On June 5, as our planes returned from a devastatingly successful purge of the Egyptian Air Force, prime minister Levi Eshkol sent a message to Jordan’s King Hussein, who had signed a defense pact with Egypt the week before. “If Jordan makes no hostile move,” he wrote, “neither would Israel.”

But the Jordanians fell prey to the false propaganda being broadcast from Cairo, proclaiming that Tel Aviv was in flames and Egyptian forces were advancing on numerous cities. The jealous Jordanians wanted their piece of the pie, too, and so they made the calamitous – for them – decision to attack. Even then, OC Central Command Uzi Narkiss preferred to act defensively, but not to make a full-fledged move into the Old City.

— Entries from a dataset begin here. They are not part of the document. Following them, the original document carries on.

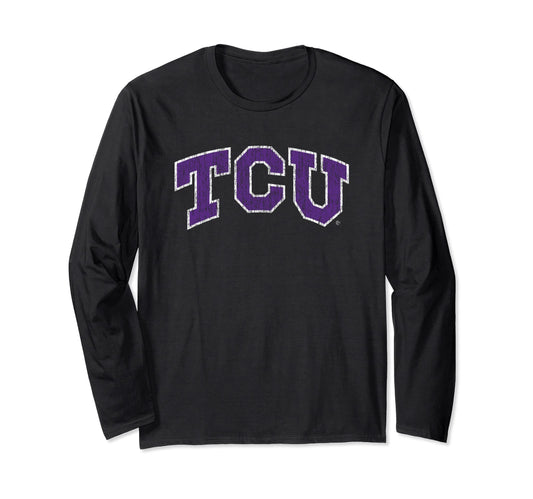 TCU Horned Frogs Vintage Block Logo Officially Licensed Long Sleeve T-Shirt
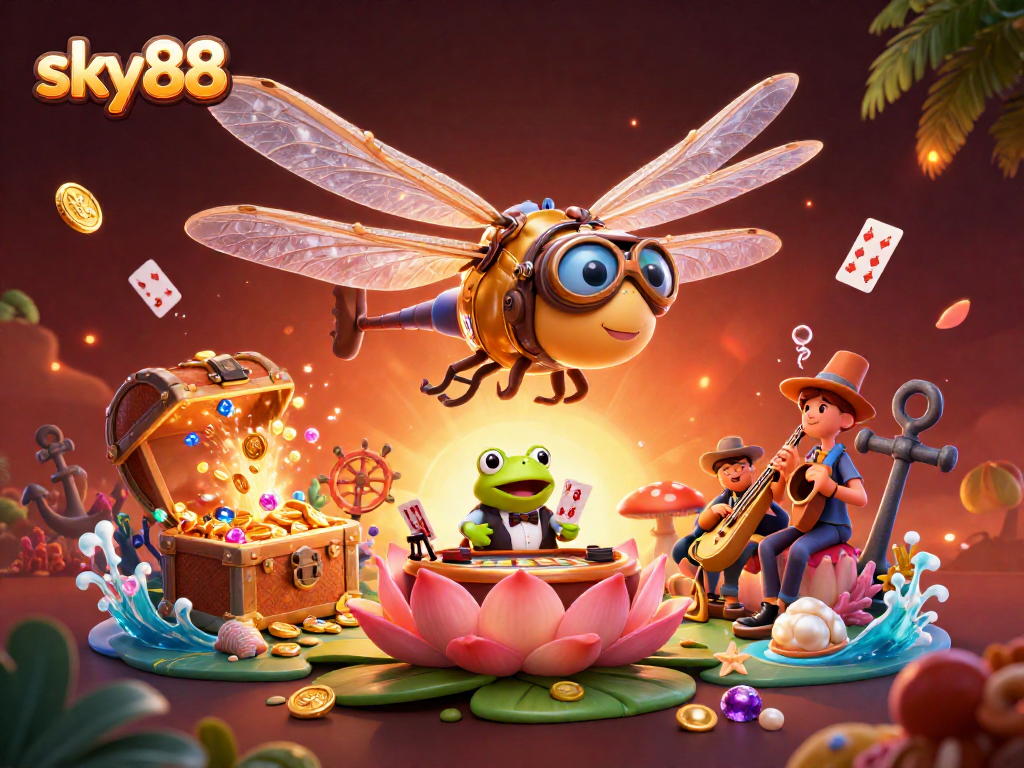 Experience winning moments at sky88 with a dragonfly pilot, frog dealer, and jazzy cricket band.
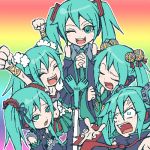  5girls aqua_hair clone hatsune_miku lowres multiple_girls oekaki spring_onion thigh-highs vocaloid 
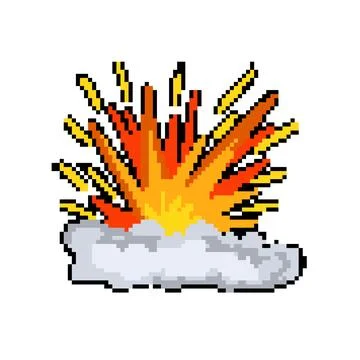Energy explosion effect pixel art vector illustration Stock Illustration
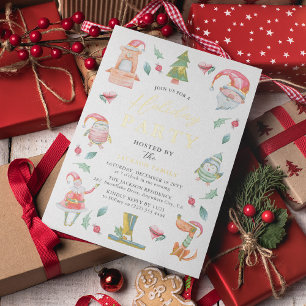 Invitation En Aluminium Jolie fête de Noël d'hiver en or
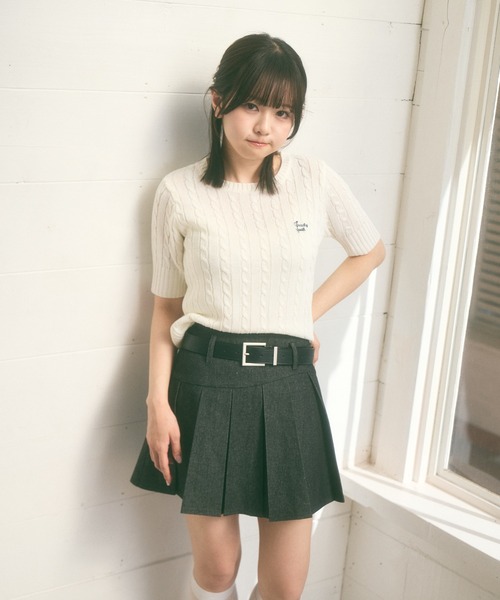 Ada.(エイダ)の「<Peachyyouth × Ada.>半袖 ケーブル サマーニット(ニット/セーター・レディース・ライトブルー/ホワイト/ネイビー・FREE)」の9枚目の写真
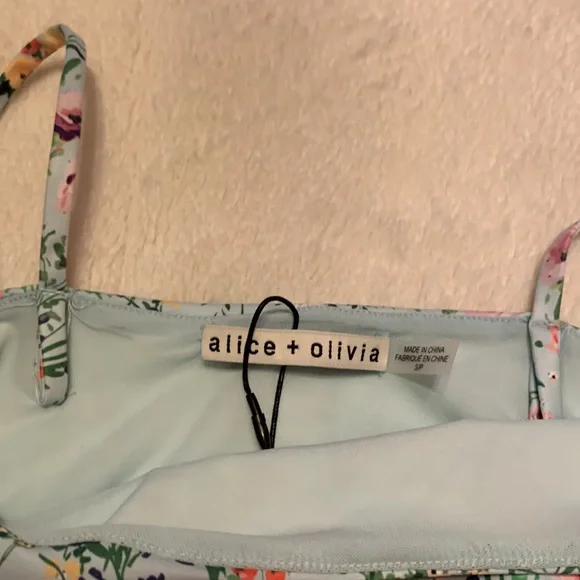 Alice + Olivia NWT Penny Scoop Crop Top Blue Floral Size Small - Picture 12 of 13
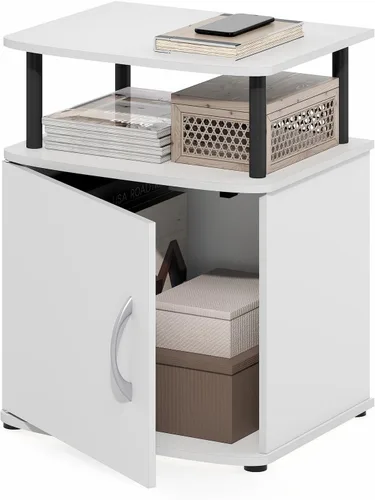 Vista 13 de Furinno Jaya - Mesita de noche con puerta, color ámbar y negro Armario de puerta, mesita de noche de bordes suaves, mesita de noche, para sala
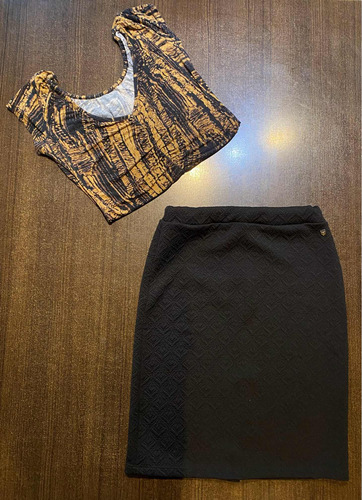 Combo Mujer Talle 42/2 Pollera De Vestir Negra + Remera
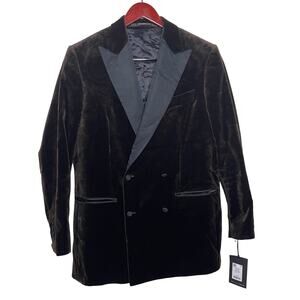 New BLK DNM brown velvet with black satin lapels blazer tuxedo jacket 48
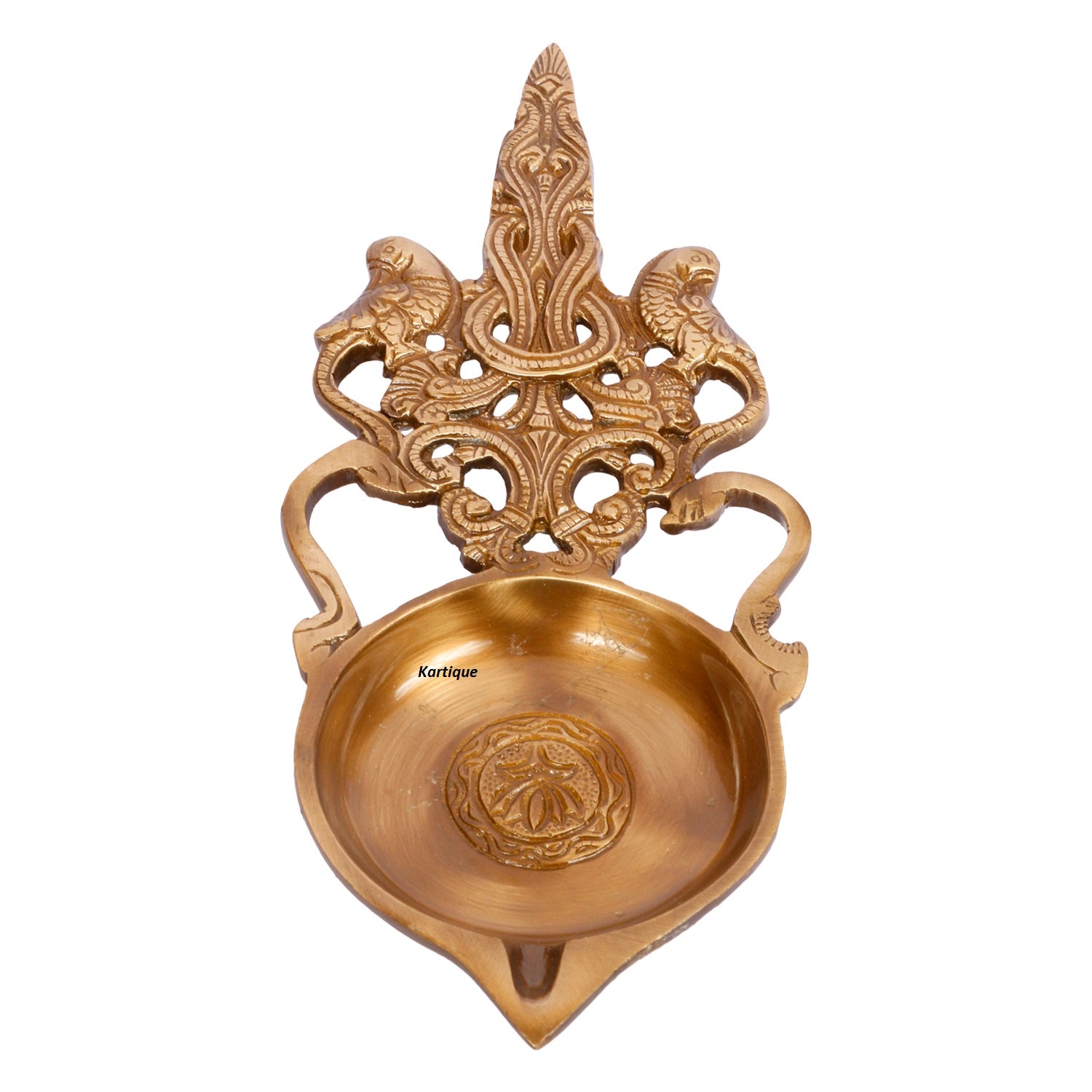 11 Inch Brass Dhoop Diya: Incense Burner, Oil Lamp, Tealight Holder for Diwali, Temple & Home - SvarupArt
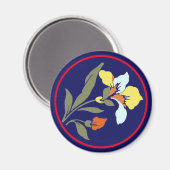 Blue Blossom Round Magnet (Voorkant / Achterkant)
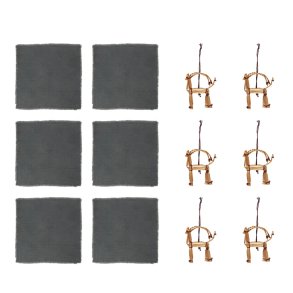 Nordhjem-Pakke #10 - 6 klassisk gr stofservietter - 6 halm bukke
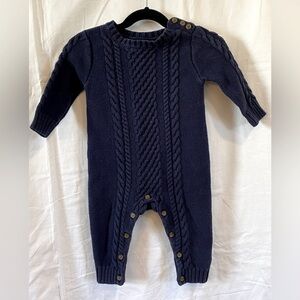 Gap Baby 6-12 Months Unisex Cozy Navy Cable knit Sweater Long Sleeve Romper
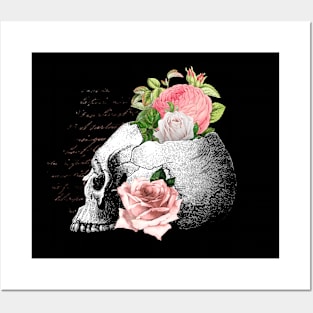 Skull and Pink Roses Posters and Art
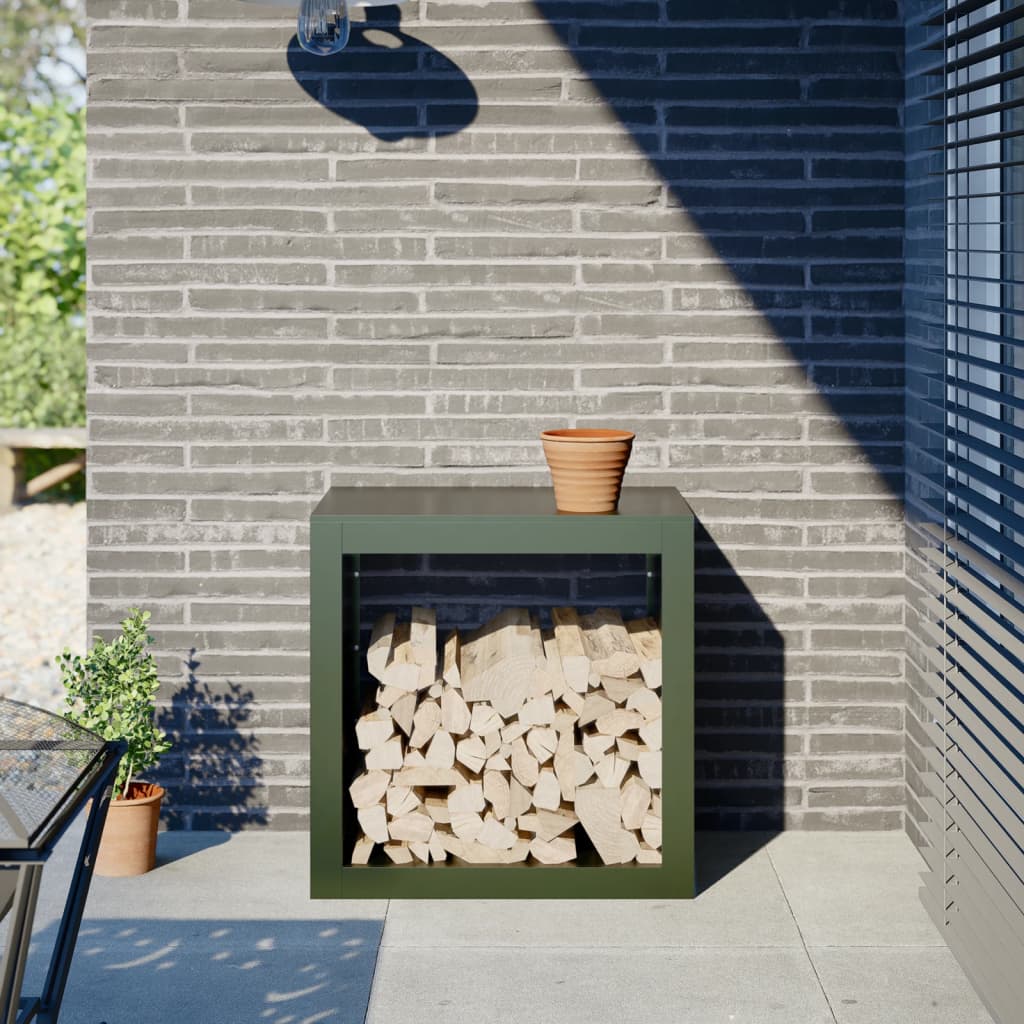 Rastrelliera per Legna da Ardere-Portalegna Verde 60x40x60 cm in Acciaio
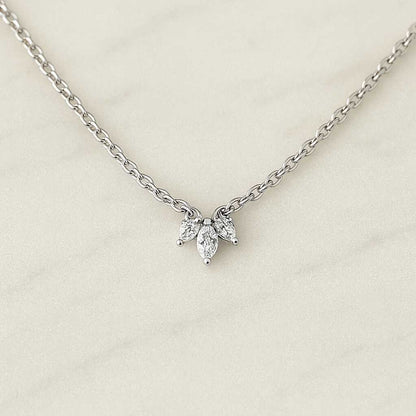 Marquise Diamond Cluster Necklace Dainty Leaf Vine Necklace For Wife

It was at this point that two cabinet ministers from opposite ends of the political spectrum called for the capture of the Old City – Menachem Begin on the Right and Yigal Allon, of the kibbutz movement, on the Left. They pulled Eshkol into a closet and told him, “History will not forgive this government if we did not grasp the opportunity to restore Jewish rule over Jerusalem, 2,000 years after its fall to the Romans.” Eshkol was persuaded, and in lightning fashion, we took the Old City with relatively few casualties. And while Dayan handed control of the Temple Mount to Wakf Islamic religious trust officials – a catastrophic decision that haunts us until today – he also declared, “We have returned to the holiest of our sites and will never again be separated from it.”

As I walk through the streets and gates of Jerusalem new and old, I hear the voices of my ancestors, who beseeched God for centuries, “May You return to Your city and rebuild it.” And they ask me, “Do you realize what God has given you?! Do you appreciate the miracle that sings out to you from every brick and every bush? Do you know what it means to live a miracle?!”